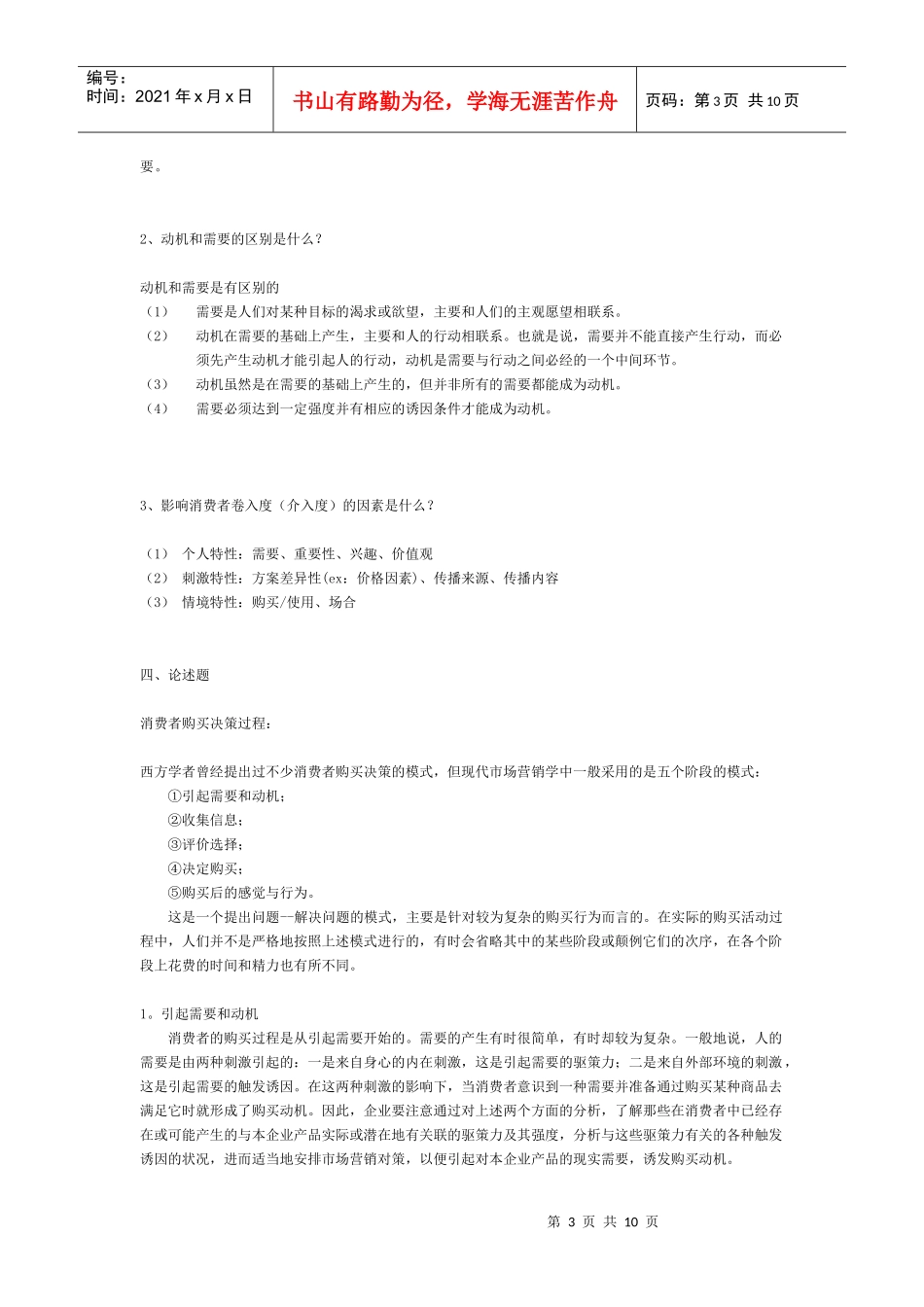消费者行为学复习内容_第3页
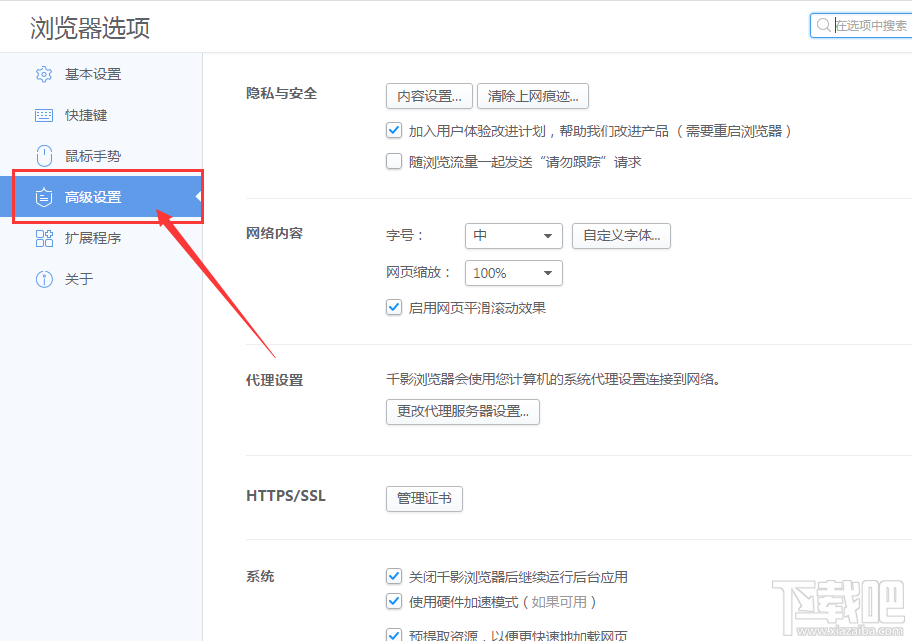 千影浏览器鼠标指针的移动轨迹如何隐藏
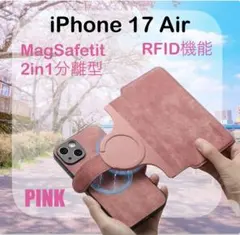 分離型 iPhoneケース 17 Air 手帳型 Magsafe対応 ピンク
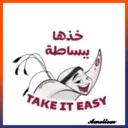 la'eeb mascota Qatar 3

What this task involves:
Write the lines out word for word, starting at the one with "千影浏览器鼠标指针的移动轨迹如何隐藏" and stopping after the last line of the material above, with pictures excluded.

Exercise response:
 千影浏览器鼠标指针的移动轨迹如何隐藏
 分離型 iPhoneケース 17 Air 手帳型 Magsafe対応 ピンク
 la'eeb mascota Qatar 3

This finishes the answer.